Jamaican Fruit Cake Cream Cheese Delight

 

Get ready for a flavor party with our Jamaican Fruit Cake Cream Cheese Delight—where bold, spiced fruit cake and silky cream cheese come together for a match made in dessert heaven. It’s a little bit of island magic in every dreamy, creamy bite!

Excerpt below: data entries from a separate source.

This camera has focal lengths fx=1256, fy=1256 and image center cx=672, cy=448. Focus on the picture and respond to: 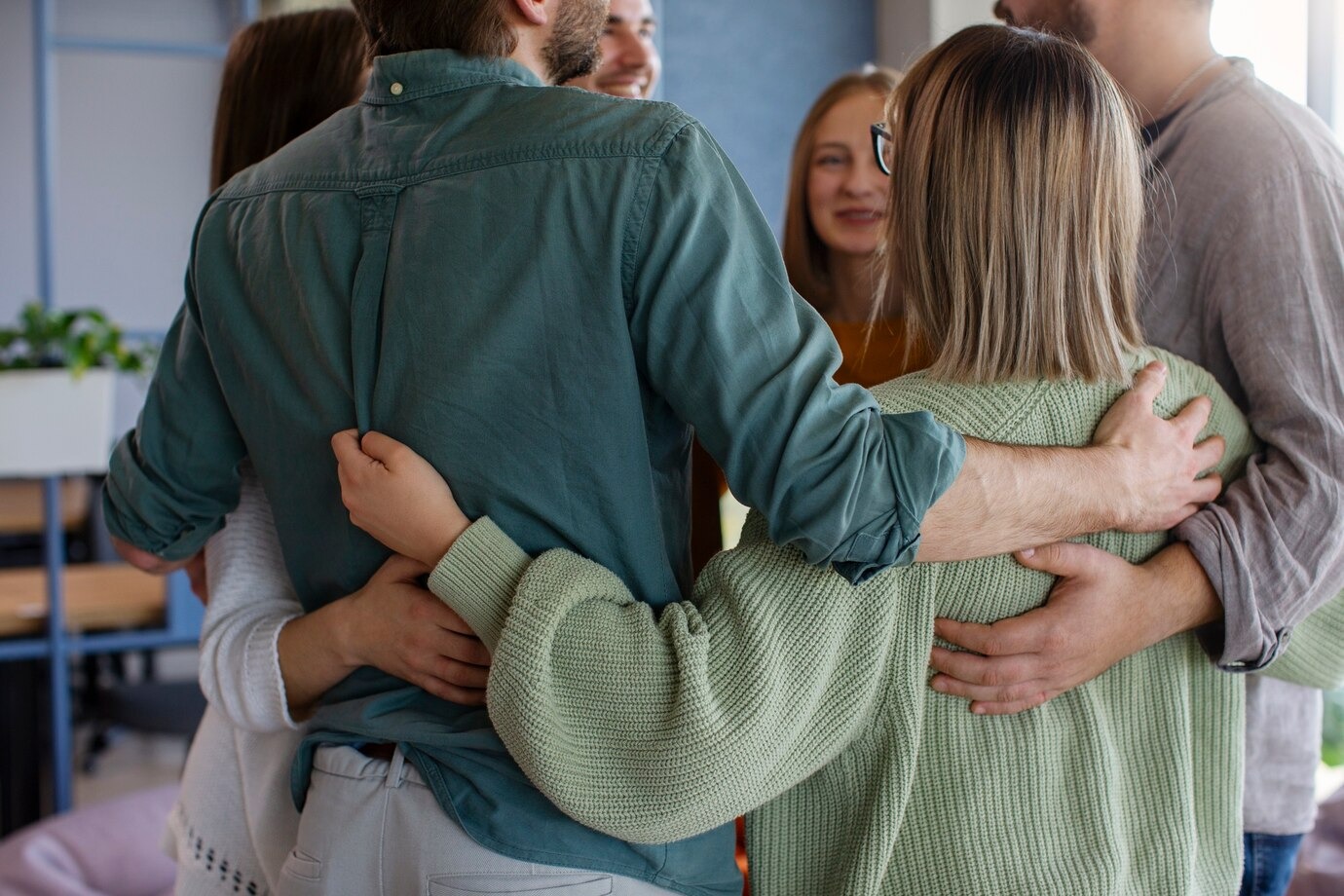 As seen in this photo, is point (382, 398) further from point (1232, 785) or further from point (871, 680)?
point (1232, 785)

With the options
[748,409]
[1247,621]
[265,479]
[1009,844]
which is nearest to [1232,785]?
[1247,621]

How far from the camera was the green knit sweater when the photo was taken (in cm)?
103

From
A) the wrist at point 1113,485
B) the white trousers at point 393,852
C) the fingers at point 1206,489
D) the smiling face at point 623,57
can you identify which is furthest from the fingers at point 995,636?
the smiling face at point 623,57

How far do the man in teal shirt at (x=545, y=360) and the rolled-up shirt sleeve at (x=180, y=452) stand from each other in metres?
0.10

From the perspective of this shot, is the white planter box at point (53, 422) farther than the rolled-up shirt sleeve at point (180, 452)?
Yes

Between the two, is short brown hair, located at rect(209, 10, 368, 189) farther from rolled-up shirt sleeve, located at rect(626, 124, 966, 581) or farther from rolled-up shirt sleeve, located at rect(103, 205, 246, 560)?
rolled-up shirt sleeve, located at rect(626, 124, 966, 581)

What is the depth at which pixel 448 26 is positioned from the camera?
1.12m

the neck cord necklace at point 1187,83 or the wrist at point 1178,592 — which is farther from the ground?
the neck cord necklace at point 1187,83

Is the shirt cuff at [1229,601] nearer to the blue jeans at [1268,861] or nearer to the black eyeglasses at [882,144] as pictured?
the blue jeans at [1268,861]

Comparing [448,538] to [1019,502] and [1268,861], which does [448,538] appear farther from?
[1268,861]

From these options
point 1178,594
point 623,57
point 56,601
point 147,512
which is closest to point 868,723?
point 1178,594

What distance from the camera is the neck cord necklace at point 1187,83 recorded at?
1588 mm

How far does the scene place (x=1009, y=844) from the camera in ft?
3.82

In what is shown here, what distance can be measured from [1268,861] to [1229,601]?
477 mm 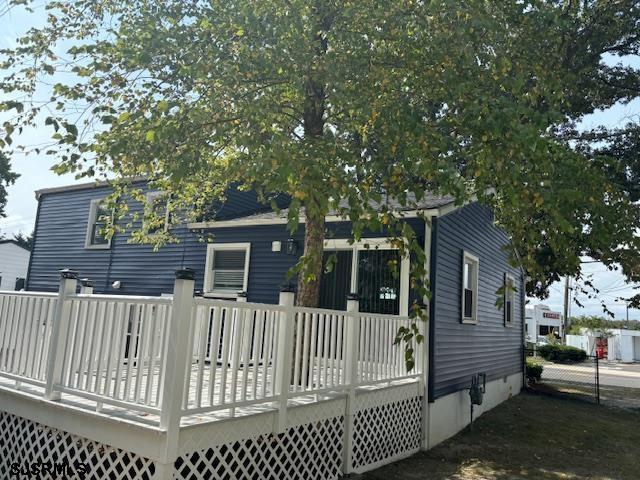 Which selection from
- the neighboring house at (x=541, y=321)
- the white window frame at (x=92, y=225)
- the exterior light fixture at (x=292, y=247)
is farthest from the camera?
the neighboring house at (x=541, y=321)

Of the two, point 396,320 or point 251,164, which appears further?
point 396,320

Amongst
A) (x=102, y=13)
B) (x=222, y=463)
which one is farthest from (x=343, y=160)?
(x=102, y=13)

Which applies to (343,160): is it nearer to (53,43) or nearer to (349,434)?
(349,434)

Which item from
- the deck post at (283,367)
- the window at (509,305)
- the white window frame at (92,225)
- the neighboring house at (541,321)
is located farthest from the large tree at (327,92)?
the neighboring house at (541,321)

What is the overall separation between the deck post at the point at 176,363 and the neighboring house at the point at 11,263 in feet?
71.5

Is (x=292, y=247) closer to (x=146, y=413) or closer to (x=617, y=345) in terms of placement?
(x=146, y=413)

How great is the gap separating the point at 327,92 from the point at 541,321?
49971 millimetres

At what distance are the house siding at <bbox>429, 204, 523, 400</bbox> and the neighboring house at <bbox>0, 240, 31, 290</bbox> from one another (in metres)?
20.0

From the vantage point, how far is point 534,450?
7.26m

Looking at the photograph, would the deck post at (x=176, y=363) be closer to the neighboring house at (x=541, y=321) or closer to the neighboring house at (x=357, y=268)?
the neighboring house at (x=357, y=268)

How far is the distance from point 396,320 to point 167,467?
12.7 feet

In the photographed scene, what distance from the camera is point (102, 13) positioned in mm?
5855

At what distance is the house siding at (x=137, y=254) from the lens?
28.9ft

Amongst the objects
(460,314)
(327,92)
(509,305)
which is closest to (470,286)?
(460,314) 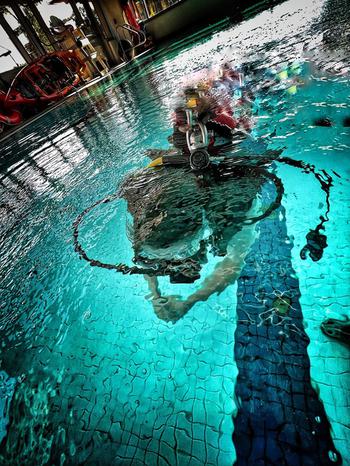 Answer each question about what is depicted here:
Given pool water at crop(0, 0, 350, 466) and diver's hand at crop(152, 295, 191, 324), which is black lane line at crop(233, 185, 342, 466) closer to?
pool water at crop(0, 0, 350, 466)

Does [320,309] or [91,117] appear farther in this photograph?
[91,117]

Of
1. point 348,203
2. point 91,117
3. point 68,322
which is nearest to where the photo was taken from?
point 348,203

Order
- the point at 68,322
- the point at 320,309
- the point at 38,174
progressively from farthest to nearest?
the point at 38,174 < the point at 68,322 < the point at 320,309

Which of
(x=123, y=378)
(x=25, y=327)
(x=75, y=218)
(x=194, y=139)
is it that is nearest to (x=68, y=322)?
(x=25, y=327)

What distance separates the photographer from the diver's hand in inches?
99.0

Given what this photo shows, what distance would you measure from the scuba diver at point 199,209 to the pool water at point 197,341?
0.24 ft

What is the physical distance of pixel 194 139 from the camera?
386 cm

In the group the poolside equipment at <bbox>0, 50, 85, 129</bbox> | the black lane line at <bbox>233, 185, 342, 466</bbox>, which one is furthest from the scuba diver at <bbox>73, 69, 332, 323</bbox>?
the poolside equipment at <bbox>0, 50, 85, 129</bbox>

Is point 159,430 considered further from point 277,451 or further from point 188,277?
point 188,277

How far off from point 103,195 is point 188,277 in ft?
9.96

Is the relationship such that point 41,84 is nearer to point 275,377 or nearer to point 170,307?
point 170,307

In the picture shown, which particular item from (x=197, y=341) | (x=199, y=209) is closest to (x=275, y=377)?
(x=197, y=341)

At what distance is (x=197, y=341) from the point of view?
2223 mm

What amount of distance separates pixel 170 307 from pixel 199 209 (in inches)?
59.4
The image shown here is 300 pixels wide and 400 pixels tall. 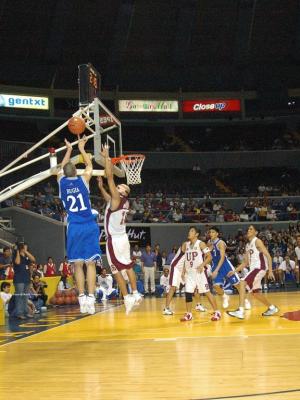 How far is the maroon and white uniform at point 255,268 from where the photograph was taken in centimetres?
1287

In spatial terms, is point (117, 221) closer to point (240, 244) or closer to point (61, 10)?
point (240, 244)

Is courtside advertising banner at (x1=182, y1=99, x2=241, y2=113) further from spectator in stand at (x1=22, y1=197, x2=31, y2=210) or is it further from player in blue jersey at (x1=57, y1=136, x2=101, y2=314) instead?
player in blue jersey at (x1=57, y1=136, x2=101, y2=314)

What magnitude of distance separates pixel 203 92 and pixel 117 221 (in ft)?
104

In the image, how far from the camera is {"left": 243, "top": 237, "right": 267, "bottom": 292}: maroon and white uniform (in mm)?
12867

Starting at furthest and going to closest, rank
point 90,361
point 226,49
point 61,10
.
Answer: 1. point 226,49
2. point 61,10
3. point 90,361

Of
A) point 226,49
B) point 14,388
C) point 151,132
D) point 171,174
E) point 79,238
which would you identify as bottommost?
point 14,388

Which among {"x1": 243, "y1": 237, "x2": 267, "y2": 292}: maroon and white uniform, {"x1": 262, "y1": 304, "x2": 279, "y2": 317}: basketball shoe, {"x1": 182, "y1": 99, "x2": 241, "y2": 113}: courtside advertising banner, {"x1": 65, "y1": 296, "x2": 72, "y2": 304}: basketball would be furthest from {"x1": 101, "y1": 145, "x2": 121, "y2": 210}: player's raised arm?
{"x1": 182, "y1": 99, "x2": 241, "y2": 113}: courtside advertising banner

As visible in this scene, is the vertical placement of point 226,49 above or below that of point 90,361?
above

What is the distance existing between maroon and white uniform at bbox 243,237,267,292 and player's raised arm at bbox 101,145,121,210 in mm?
4179

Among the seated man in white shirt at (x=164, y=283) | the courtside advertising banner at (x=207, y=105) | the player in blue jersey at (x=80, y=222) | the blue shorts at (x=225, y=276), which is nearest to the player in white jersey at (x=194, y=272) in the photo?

Preparation Time: 35 minutes         

Serving Size: 12 Slices     

  Equipment: 10'' Bundt Tin

Ingredients

Cream Cheese Filling

  • 8 oz cream cheese, softened
  • 4 tablespoons butter, softened
  • ½ cup granulated sugar
  • 1 large egg
  • 2 tablespoons all-purpose flour
  • 1 teaspoon vanilla extract
  • 1 teaspoon rum (optional)

Fruit Cake

  • 1 Pack Karley's Dawta Real Jamaican Fruit Cake Mix
  • 3 eggs
  • 1 and 1/2 stick butter (6ozs)

Optional Cream Cheese Icing

  • 2 cups powdered sugar
  • 4 oz cream cheese, softened
  • ½ cup heavy cream
  • 1 tablespoon vanilla extract
  • 1 teaspoon rum (optional)

Directions

  • Preheat oven to 365°F. Grease a 10 inch bundt pan with baking spray or butter and flour it. Set aside.
  • Prepare cream cheese filling first. In a stand mixer, beat cream cheese, butter, and sugar until light and fluffy, about 2 minutes. Add egg, flour, and vanilla and continue beating until smooth. Set aside while preparing cake batter.
  • In medium bowl, prepare Karley’s Dawta Real Jamaican Fruit Cake Mix by following instructions on the packet.
  • Pour half of cake batter into prepared bundt pan. Top evenly with cream cheese filling, leaving a 1-inch border around edge of pan. Top with remaining cake batter.
  • Insert a butter knife into cake batter and lightly swirl cream cheese filling into cake. Do not swirl too much; you just need to swirl knife a couple of times through layers.
  • Bake for 35 - 40 minutes, until center is set and a toothpick inserted comes out clean. Allow cake to cool completely (in bundt pan) before inverting onto cake plate.
  • While cake cools, prepare icing. Beat the powdered sugar, cream cheese, heavy cream, and vanilla extract together for 2 minutes, until well combined. Place in a piping bag and pipe on to top of cooled cake. Serve immediately, and store leftovers in the refrigerator.